Preface: I love this cartoon. I wish I was the first person to think of Anxiety Girl, as this would absolutely be the name of this series. But like many things, I only admire great ideas other people come up with first, so Anxiety Diaries it is.
I need someone to make me a cartoon.
In all seriousness: I am officially (by a real doctor not run by Google) diagnosed with Generalized Anxiety Disorder (GAD), panic attack disorder, social anxiety, and a little clinical depression thrown in too.
About GAD: With GAD, you have an overwhelming feeling of stress and worry and anxiety. Usually, it is not about having panic attacks all the time, but you just have this sense of doom almost always. Sometimes you feel perfectly fine, then all of a sudden you get this feeling of panic, usually having no idea where it came from. It is not the same thing as regular stress. It is often debilitating and keeps you from doing normal things that normal people do.
I originally visited my doctor due to being tired all the time. It turned out extreme fatigue is a big symptom of GAD. Any time I get into a particularly stressful situation, an overwhelming feeling of fatigue comes over me. I can be completely energetic and well rested, then all of a sudden I can barely keep my eyes open. Like any psychological condition, it is different for everyone.
My GAD looks like this:
- Extreme fatigue
- Nausea/stomach cramping/vomiting
- Body shakes
- Heart palpitations
About Panic Attack Disorder: First of all, not everyone with GAD will have panic attacks, and not everyone who has an occasional panic attack has a disorder or an anxiety problem. That’s just a fun thing I have. Life really enjoys being a bitch and throwing me these fun adventures.
When you have a panic disorder, you have panic attacks frequently and without warning. They usually last several minutes and are an irrational reaction to something you fear. Some people with panic disorder have triggers that set it off, while others have absolutely no warnings.

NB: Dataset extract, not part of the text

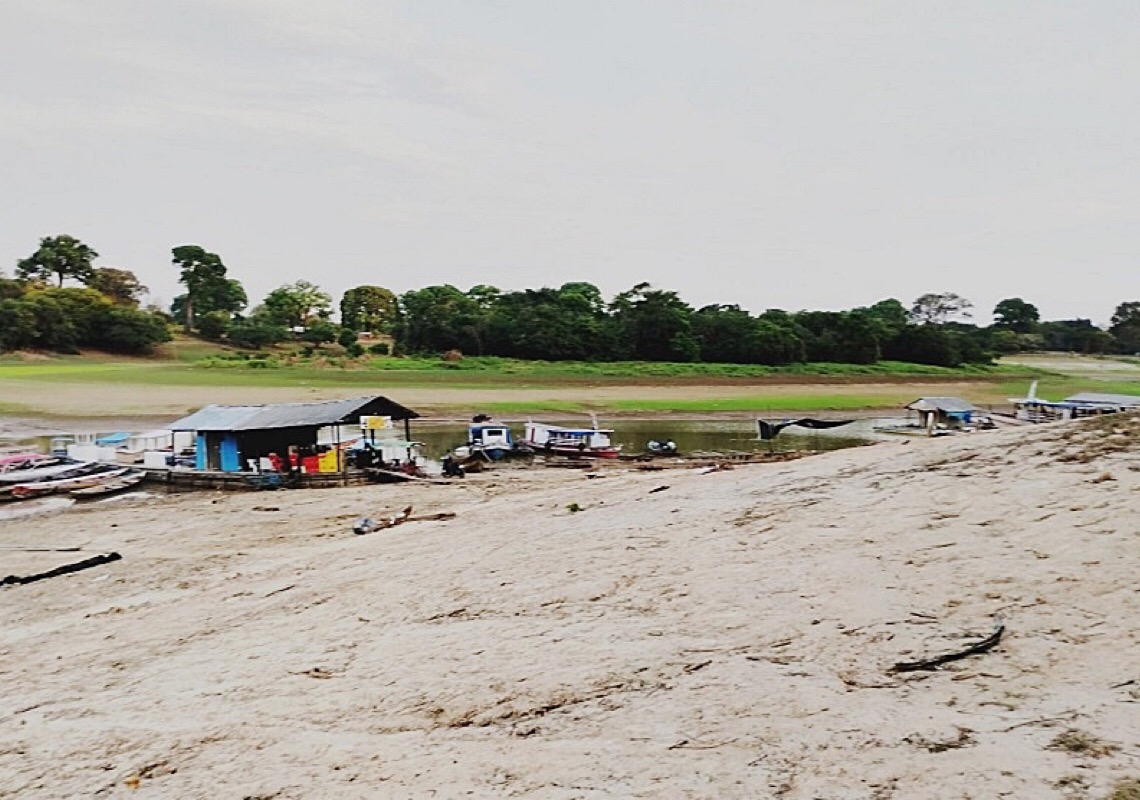 Felizes os que te viveram, Amazônia!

I am somewhere in the middle. Sometimes, I am perfectly fine then all of a sudden I swear I am having a heart attack. At other times, I know it is coming before it has arrived because of a trigger. This is actually me having anxiety about possibly having a panic attack, which then causes my anxiety to spike and gives me a panic attack.
Sound ridiculous? It is. This is literally the stupidest disorder to suffer from. Most of it is in your head. I am insistent that the bigger imagination you have, the worse it is going to be for you.
And this is how my panic attacks go:
- Heart pounding, heart palpitations, which makes me feel like I am going to die.
- Hands sweating.
- Dry throat, can’t swallow, afraid to swallow.
- Irrational fear of doom.
- Physically shaking from head to toe.
- My mind working in overdrive: it tries to convince me it’s nothing while also convincing me my heart will stop beating any second.
The fact that I not only have general anxiety basically all the time, but moderate to severe panic disorder (I have at least one attack a day, usually), it’s a miracle I can function as a human and that I ever leave the house.
Welcome to The Anxiety Diaries. It’s a party you were invited to but won’t attend because you’re too afraid to leave your house.